Welcome to my Fire

Tending to my fire has been my greatest life’s work. 

For as long as I can remember, I’ve wavered between a smoky purposelessness, a raging blaze of anxiety, a dim flame passion for life and an unstoppable forest fire raging for power. These flames have spread throughout the crevices of my body, from my heart to my belly to the space between my legs. It’s probably why I’ve always had a soft spot for firemen.

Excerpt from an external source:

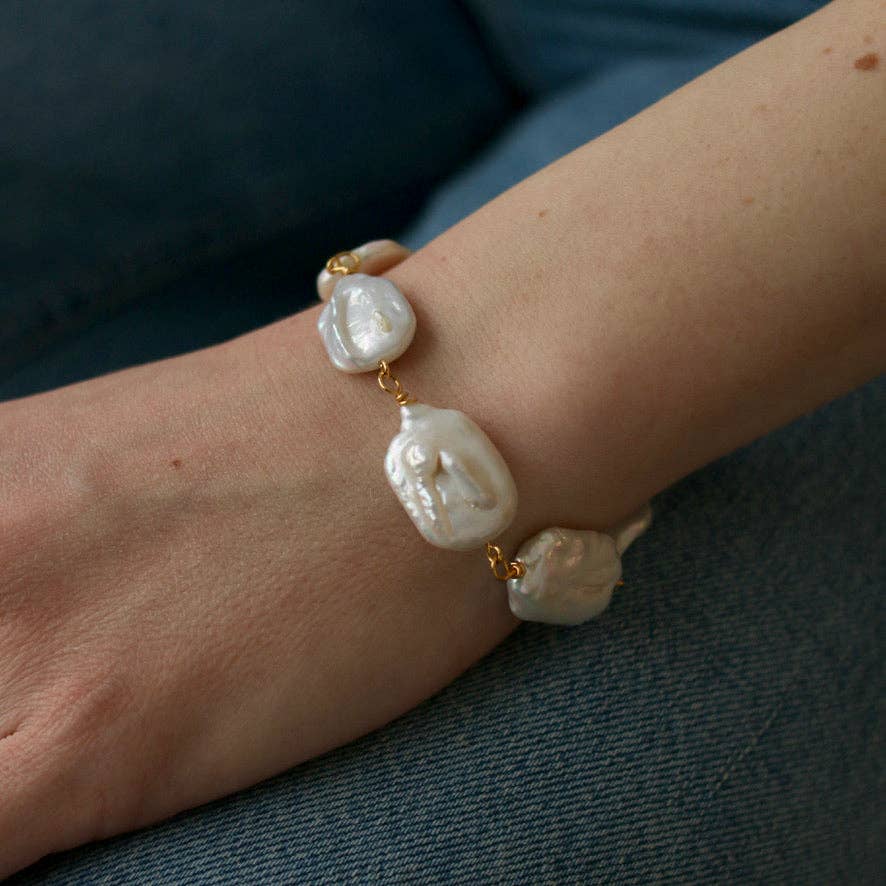 Precious Pearl Bracelet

She has roamed throughout my being and has cried out for attention that I tend to her and be ready at any give moment to offer her tinder or oxygen or water or a soft blanket. But unfortunately, I have never been a fire-keeper. I have had all this fire and have never known what to do to keep her burning at a pace that I could keep up with. She’s always been too great for me to handle or she’s receded to a pitiful peanut-sized flame.
Yet, I have arrived at a place where I cannot deny her anymore. I can no longer ignore her loud crackles, her embers burning me from the inside, her heat boiling my blood, her gases smoking me out. I have come to see that I either accept her or she continues to control my existence. And in accepting her as she is, I have to accept me as I am - built of fire.
In that acceptance, there is this yearning to get to know her intimately. For, when we are friends, she can be fed with nourishment from me and I can receive her warmth. That way, we can work together for the greater good of both of us. She stays lit AF and I continue to grow. For her gift is the gift of transmutation. All which is thrown to her is not simply burned away, but it is metamorphosed into something else. This is the magic of fire. She takes in, she alchemizes and she puts out the never before seen, the unrecognisable, the new.
So, this is my offering to her: I will no longer go running through the fire exit. Nor will I stop, drop and roll. I offer to her my anxieties of not feeling enough in this big bad world. I offer to her my stresses about money, love and power. I offer to her my addictions and my indulgences. I offer to her my search for purpose in this life.
I know in the centre of her flame - in the centre of mine - that she will receive whatever I throw in. I know that she knows exactly what to do with it all. I trust her. I embrace her as me and me as her.
For I am her keeper and as such I am her.
The keeper and the one who is kept are not separate.
I am fire, governess of transmutation.